Sahibi Eldorado Gold şirketi olduğu ve siyanür liçi yöntemiyle faaliyet gösteren Kışladağ Altın Madeni'nin, çevredeki 12 köyün ortasında bir "yıkım merkezi" haline geldiğini belirten Bülbül, madenin çevre ve halk sağlığına ciddi zararlar verdiğine ve zehir olduğuna da değindi.
Bülbül, madende bulunan ve “cehennem çukuru” olarak sunulan çukurun derinliğinin 500 metreyi aştığını ifade ederek, yağmur yağışlarında metalik renkli suların yer altı sularına karıştığını ve bu durumun büyük bir çevresel felakete yol açtığını vurguladı.
"Ormanlar ve Yaban Hayatı Yok Olma Noktasına Geldi"
Açıklamada, yapılan çevre üzerindeki yıkıcı etkilere dikkat çekildi. Bölgedeki ormanların, bitki örtüsünün ve yaban ürünlerinin yok olma noktasına geldiğini, geniş çaptaki bölgede yaşayan hayvanların ölmesi, sakat doğum ve düşük vakalarının artmasına değindi.
Av. Bülbül, İliç-Çöpler'de yaşanan 13 Şubat faciasında dikkat çekerek, Kışladağ'da da benzer bir tehlikenin yaşanabileceğine işaret etti. Tonlarca taş ve cevherin üst üste yığıldığını ve bu durumun ciddi bir riski olduğunu da söyledi.
"Hukuk Mücadelesi”
Kışladağ Altın Madeni'ne karşı verilen mücadelede hukuki sürecin devam ettiğini belirten Bülbül, Avrupa İnsan Hakları Mahkemesi'nin (AİHM) Nisan ayında verdiği karara değindi. AİHM'in davacıların adil yargılama hakkının ihlal edildiğine hükmettiğini hatırlatarak, hukuki sürecinde yeniden başlayacağını açıkladı.

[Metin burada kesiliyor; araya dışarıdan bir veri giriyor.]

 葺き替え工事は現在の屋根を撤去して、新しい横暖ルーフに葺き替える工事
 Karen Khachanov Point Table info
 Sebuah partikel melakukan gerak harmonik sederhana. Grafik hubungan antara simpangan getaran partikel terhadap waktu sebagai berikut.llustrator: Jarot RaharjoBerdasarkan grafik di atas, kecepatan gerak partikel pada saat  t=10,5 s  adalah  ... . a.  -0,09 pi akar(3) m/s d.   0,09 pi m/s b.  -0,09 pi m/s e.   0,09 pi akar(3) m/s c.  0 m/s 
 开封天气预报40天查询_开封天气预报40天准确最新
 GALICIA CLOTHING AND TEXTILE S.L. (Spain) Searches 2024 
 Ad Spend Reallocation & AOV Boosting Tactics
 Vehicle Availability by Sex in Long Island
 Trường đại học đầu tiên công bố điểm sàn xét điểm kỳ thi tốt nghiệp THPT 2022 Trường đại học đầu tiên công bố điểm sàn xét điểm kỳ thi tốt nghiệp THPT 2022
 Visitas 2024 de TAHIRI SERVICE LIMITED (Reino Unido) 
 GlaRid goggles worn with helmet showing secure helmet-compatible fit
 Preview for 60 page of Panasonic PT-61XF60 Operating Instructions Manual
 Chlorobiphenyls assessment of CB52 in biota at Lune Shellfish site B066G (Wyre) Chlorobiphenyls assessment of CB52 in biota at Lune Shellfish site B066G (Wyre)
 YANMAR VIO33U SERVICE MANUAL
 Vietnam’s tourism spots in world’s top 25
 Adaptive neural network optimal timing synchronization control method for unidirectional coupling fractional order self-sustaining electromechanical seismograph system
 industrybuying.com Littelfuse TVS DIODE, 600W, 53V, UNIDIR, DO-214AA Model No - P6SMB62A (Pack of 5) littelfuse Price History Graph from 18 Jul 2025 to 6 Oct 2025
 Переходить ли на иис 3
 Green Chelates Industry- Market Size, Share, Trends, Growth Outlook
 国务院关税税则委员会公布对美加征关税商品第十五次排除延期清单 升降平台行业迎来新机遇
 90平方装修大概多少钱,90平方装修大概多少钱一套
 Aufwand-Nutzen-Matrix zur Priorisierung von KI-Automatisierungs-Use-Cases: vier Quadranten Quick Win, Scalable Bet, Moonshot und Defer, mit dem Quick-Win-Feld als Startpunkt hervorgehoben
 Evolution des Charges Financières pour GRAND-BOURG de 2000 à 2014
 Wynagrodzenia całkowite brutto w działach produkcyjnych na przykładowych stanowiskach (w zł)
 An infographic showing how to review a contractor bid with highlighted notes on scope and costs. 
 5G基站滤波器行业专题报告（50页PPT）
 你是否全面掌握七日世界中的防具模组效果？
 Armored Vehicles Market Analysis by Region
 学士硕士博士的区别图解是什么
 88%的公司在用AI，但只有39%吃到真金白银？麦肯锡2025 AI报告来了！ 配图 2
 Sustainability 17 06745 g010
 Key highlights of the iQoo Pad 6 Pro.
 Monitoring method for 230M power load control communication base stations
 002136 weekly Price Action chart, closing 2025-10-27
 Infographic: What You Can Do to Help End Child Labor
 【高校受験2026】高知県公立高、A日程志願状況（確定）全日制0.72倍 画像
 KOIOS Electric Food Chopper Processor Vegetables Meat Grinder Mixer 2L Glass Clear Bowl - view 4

Uşak Barosu'nun, Kışladağ Altın Madeni'ne karşı mücadele eden tüm yaşam savunucularının yanında olduğunu vurgulayan Bülbül, kamuoyuna şu mesajı verdi: “Bu süreçte Uşak BARO su olarak insanımızın, doğamızın ve tüm canlıların haklarını savunmaya devam edeceğiz” sözleriyle açıklamasını bitirdi.